Kalau kita terjebak pada debat semantik, masalahnya tidak akan pernah selesai. Di sini orang menggunakan kacamata ekonomi. Pengorbanan minimal, namun hasil maksimal. Persoalannya, mengapa rakyat kecil justru tidak menyadari bahwa nama mereka dicatut dan disalahgunakan dalam kebijakan subsidi BBM?
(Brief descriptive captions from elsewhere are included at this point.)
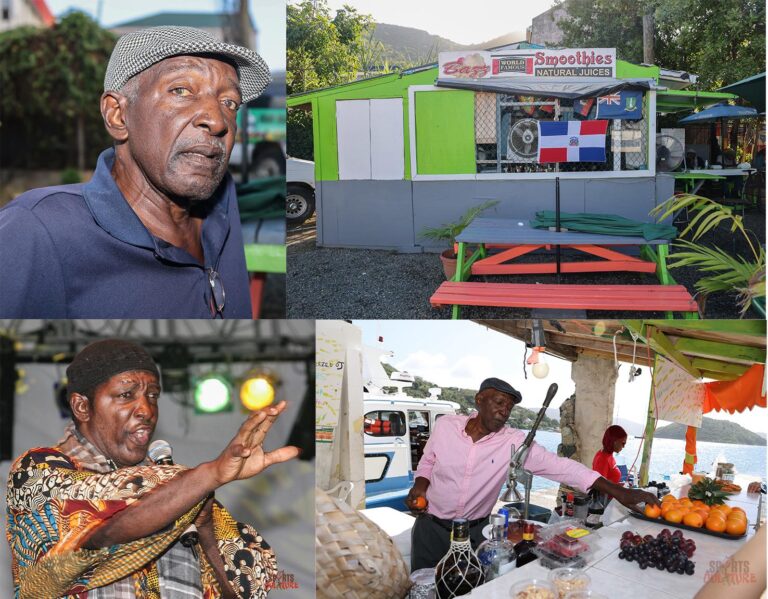 BVI Juice Pioneer and Cultural Figure Shabazz Dies After 50-Year Legacy in Business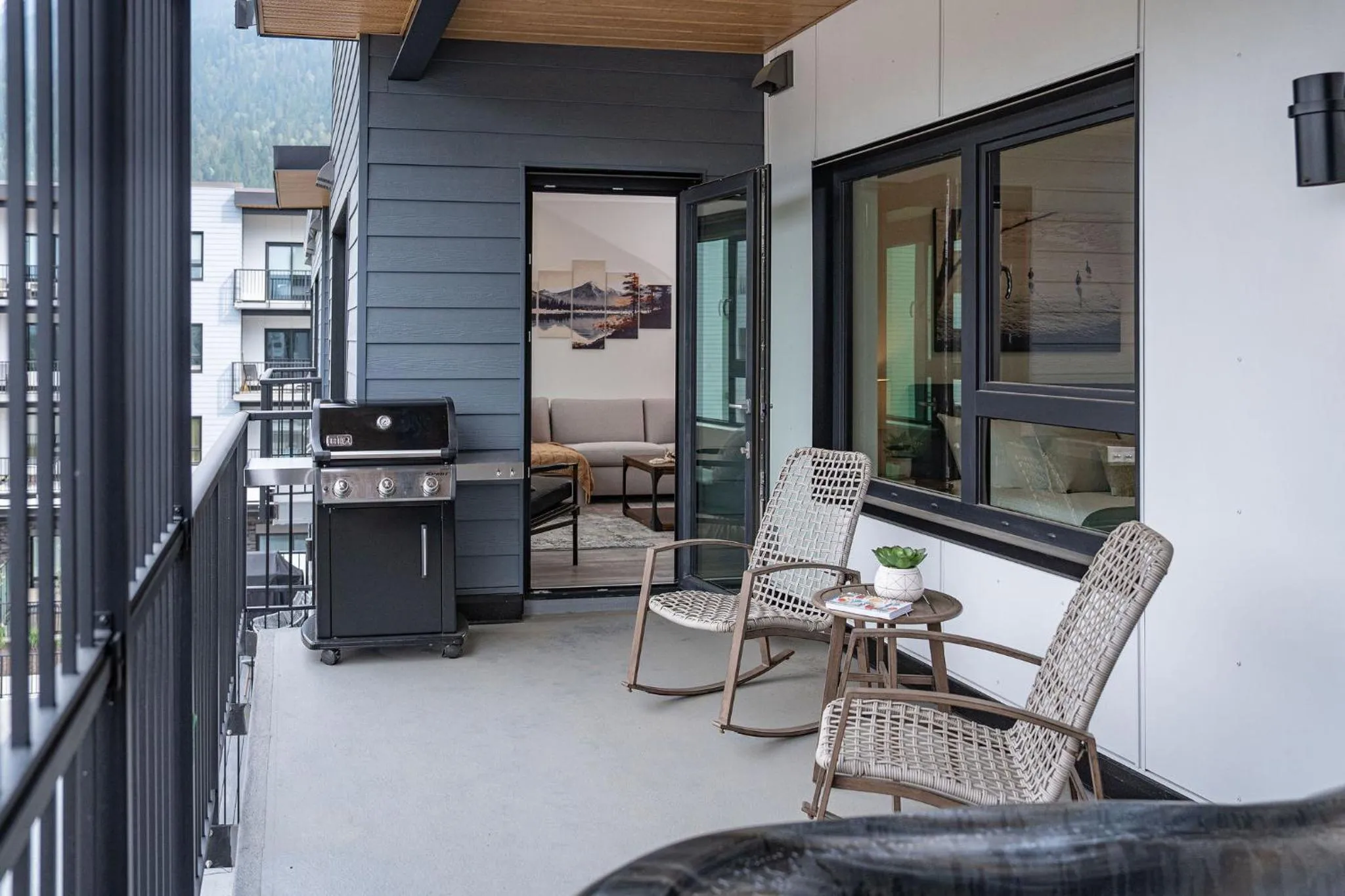 Property building in Revylation by Revelstoke Vacations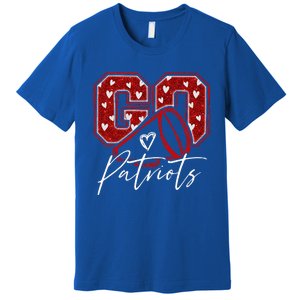 Go Cheer Patriots Premium T-Shirt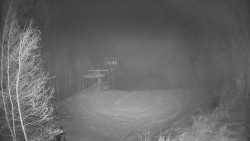 Výstupní stanice lanové dráhy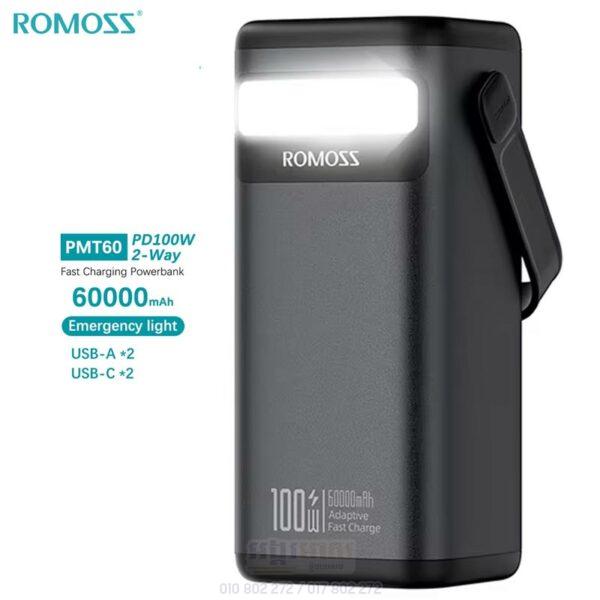 Romoss Power Bank 60000k LED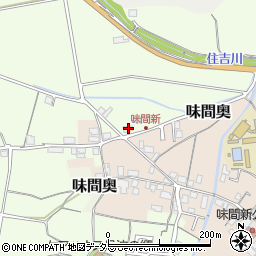 兵庫県丹波篠山市味間南25周辺の地図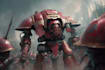 paint your warhammer miniatures and army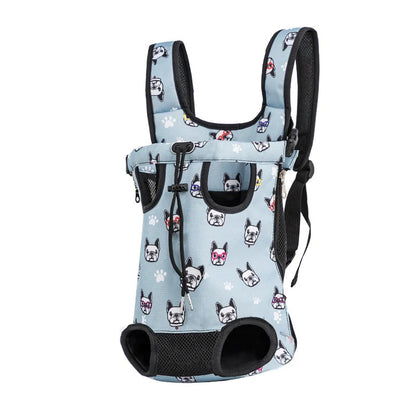 Pet Carrier Backpack | Durable Adjustable Design with Comfort Padding | Ideal for Outdoor Adventures 3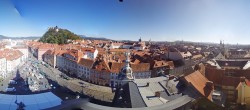 Archiv Foto Webcam Grazer Rathaus 09:00
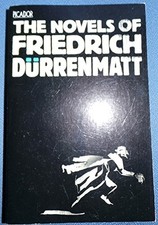 The Novels of Friedrich D�rrenmatt by Friedrich D�rrenmatt 0330291122 The Fast German-Austrian Literature price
Jawabannya, mereka adalah kelompok pengguna BBM yang minimalis karena kemampuan ekonominya. Akibatnya, perubahan harga BBM akan mengubah pola konsumsi mereka secara signifikan dalam bentuk naiknya ongkos angkutan umum dan melambungnya harga bahan pokok. Padahal, penghasilan mereka tidak ikut naik. Paradoks subsidi BBM tampak saat penikmat subsidi adalah mayoritas masyarakat berstatus sosial ekonomi menengah ke atas. Namun, saat subsidi dikurangi, kelompok sosial ekonomi menengah ke bawah makin termarginalisasi dan menderita.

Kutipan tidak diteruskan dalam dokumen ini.